In this case the plaintiff sued the defendant in the district court of Muskogee county for damages for the loss of furs in transit. Summons was regularly served on the defendant. The answer date was correctly fixed as March 7, 1940. No answer was filed nor appearance made within the time required. On March 9, 1940, the defendant being in default, the plaintiff without offering any testimony took a default judgment for the amount sued for. On March 12th the plaintiff, conceiving its judgment to be irregular, orally moved the court to set aside the default judgment entered on March 9th. This was done immediately. The plaintiff gave testimony in support of its petition and a default judgment was reentered. On March 15th (within three days) the defendant filed a motion for new trial asking that the judgment be vacated for the principal reason that the last default judgment was void because the first default judgment was vacated without notice and in fact still existed. He also alleged accident or surprise and that the first default judgment entered on March 9th was merely irregular.
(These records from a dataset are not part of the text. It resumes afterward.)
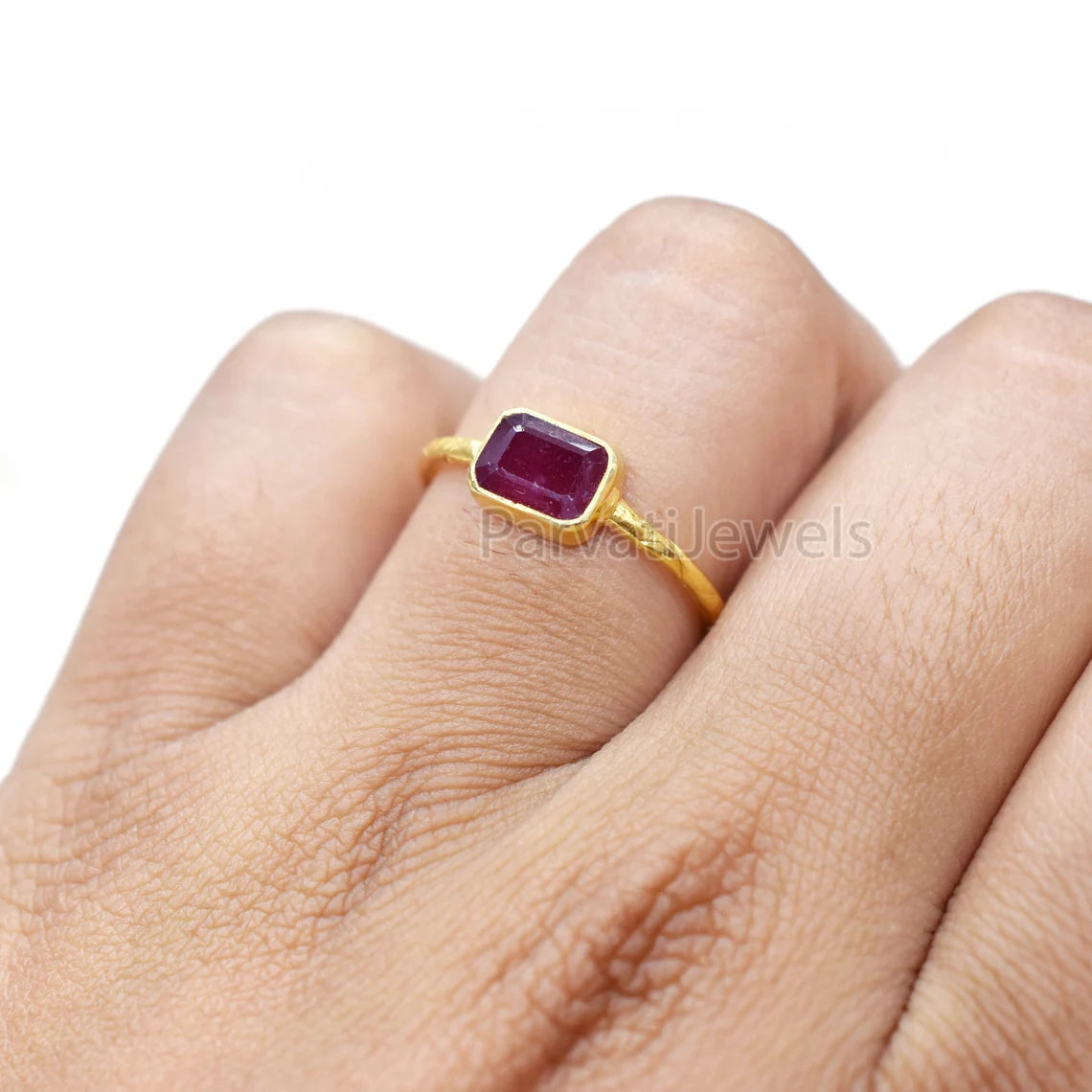 Natural Ruby Octagon Shape Gold Ring, 14K & 18k Ruby Gold Ring, Gold Ring, Engagement ring, Solid Gold Ring, Handmade Gifting Gold Ring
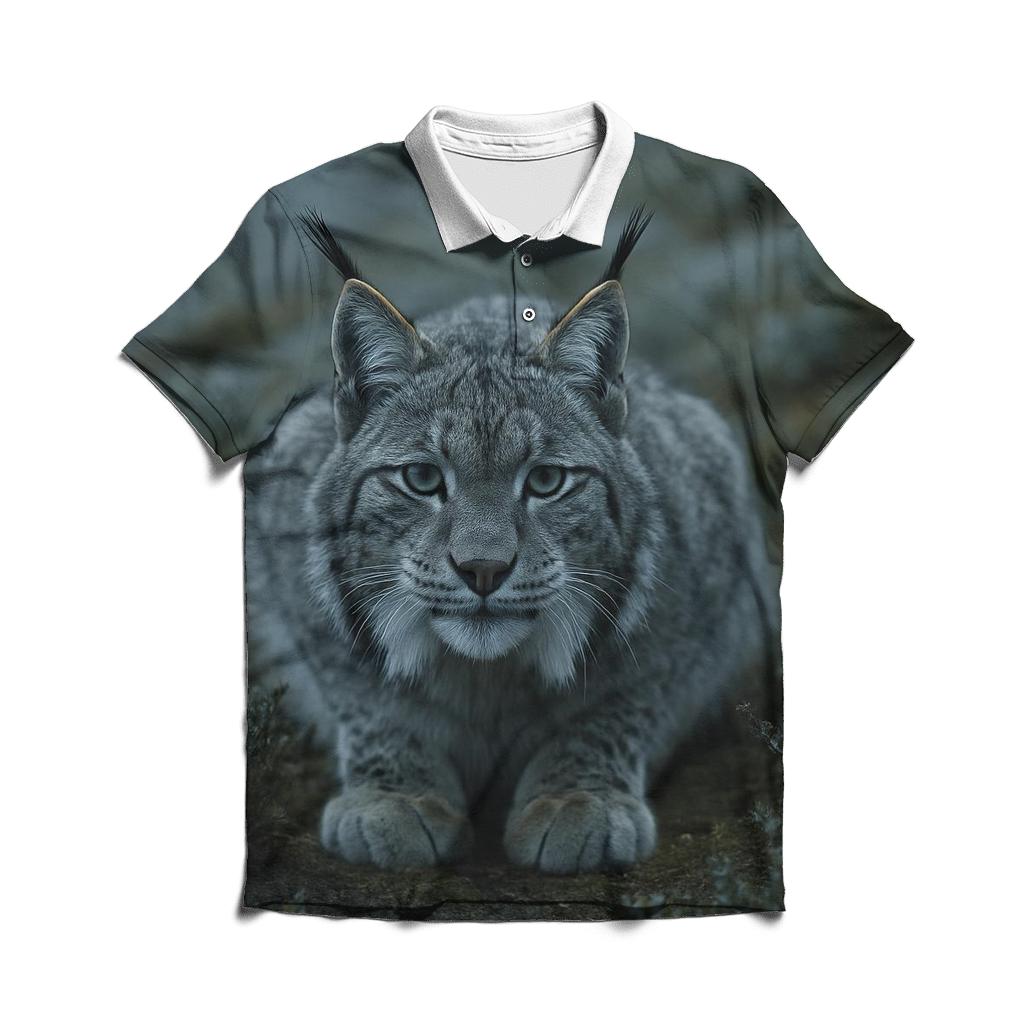 Highland Ambush Eurasian Lynx custom polo shirts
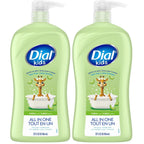 Dial Kids All-in-1 Body Wash + Hair + Bubble Bath, Melon Scent, 32 Fl Oz, Hypoallergenic Body Wash & Shampoo, No Tears Formula for Kids 2+ Years, No Parabens & Silicones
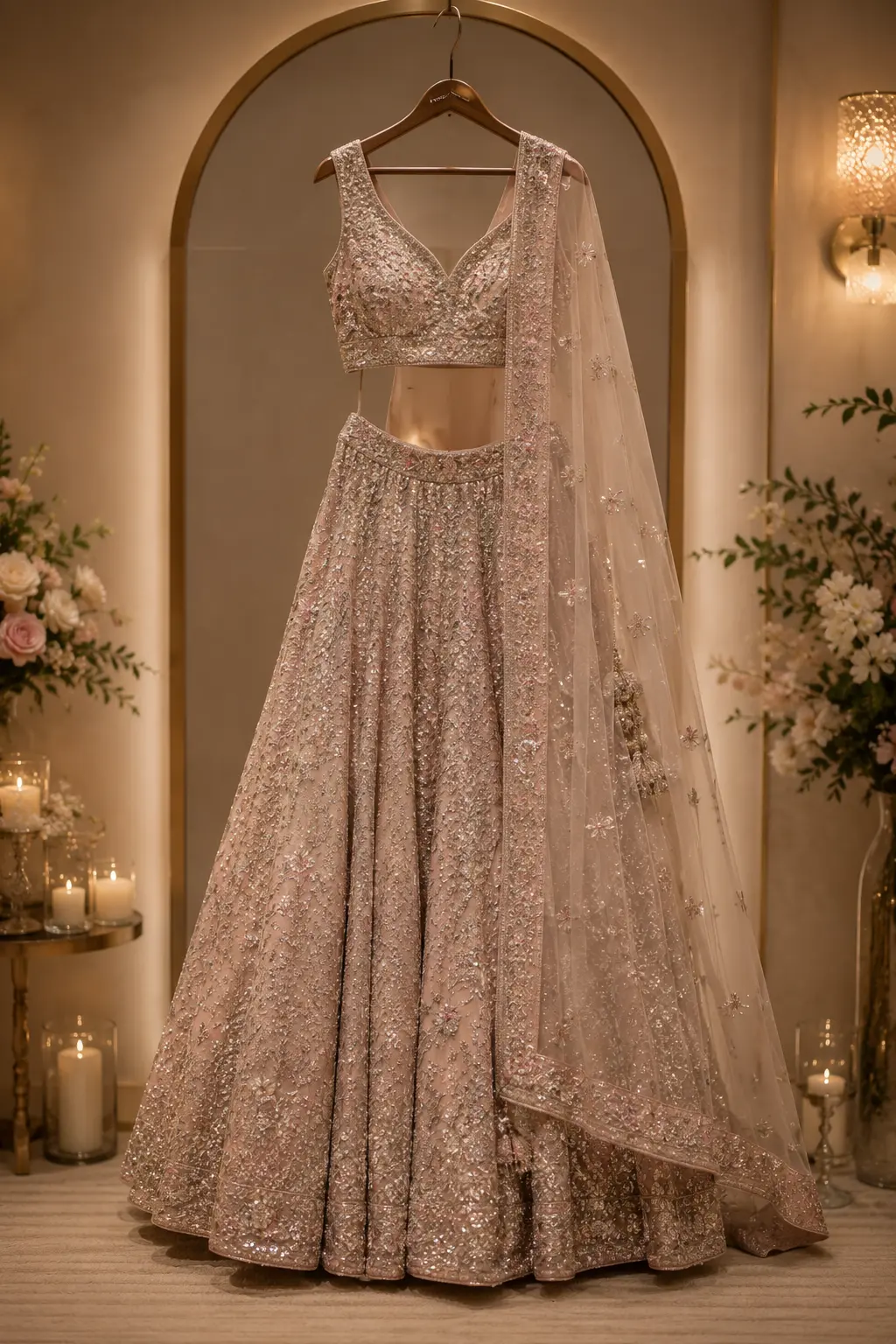 Reception lehenga collection at a bridal shop in Hyderabad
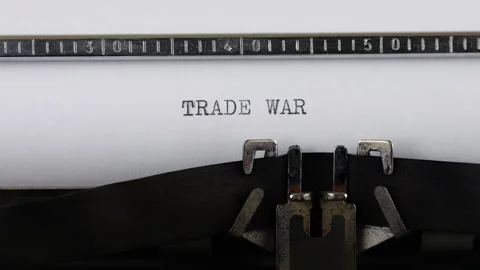 The phrase TRADE WAR is typing on a retro typewriter. Stock-Footage 314581372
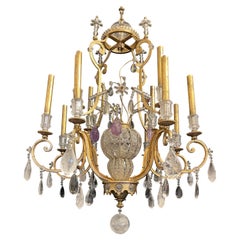 Wonderful French Maison Baguès Louis XV Rock Crystal Beaded Basket Chandelier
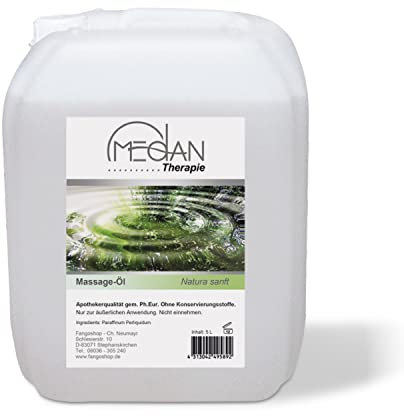 Medan Massageöl, Neutral, 5 Liter, Sanft, Griffig, Sparsam, Geruchsneutral, Mischbar mit Aromaölen, Unisex, Alle Altersgruppen und Geschlechter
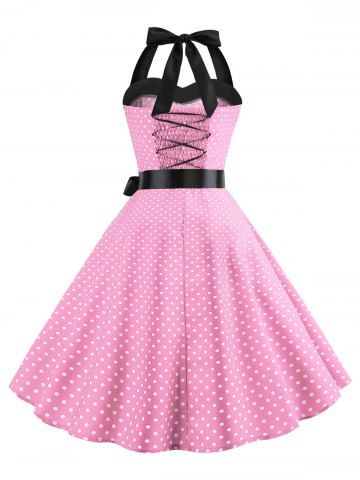 

Lace-up Polka Dot Halter Vintage Dress, Pig pink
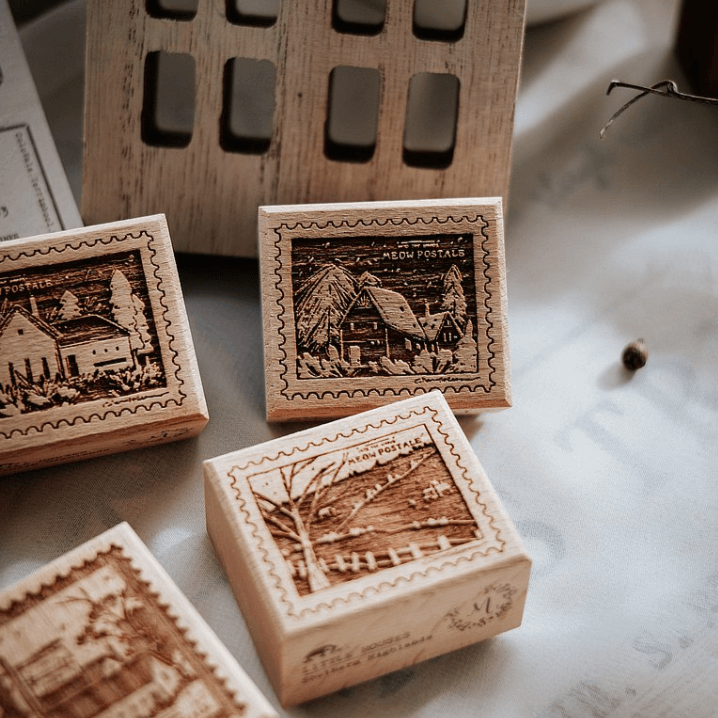 Meow Illustration Rubber Stamp Set - Little Houses Southern Highlands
The parties will be referred to herein as they appeared in the trial court.

Section 556, O. S. 1931, 12 Okla. St. Ann. § 1031, provides:

"The district court shall have power to vacate or modify its own judgments or orders, at or after the term at which such judgment or order was made."

Subdivision 3 thereof provides:

"For mistake, neglect or omission of the clerk, or irregularity in obtaining a judgment or order."

Section 557, O. S. 1931, 12 Okla. St. Ann. § 1032, provides:

"The proceedings to correct mistakes or omissions of the clerk, or irregularity in obtaining a judgment or order, shall be by motion, upon reasonable notice to the adverse party or his attorney in the action."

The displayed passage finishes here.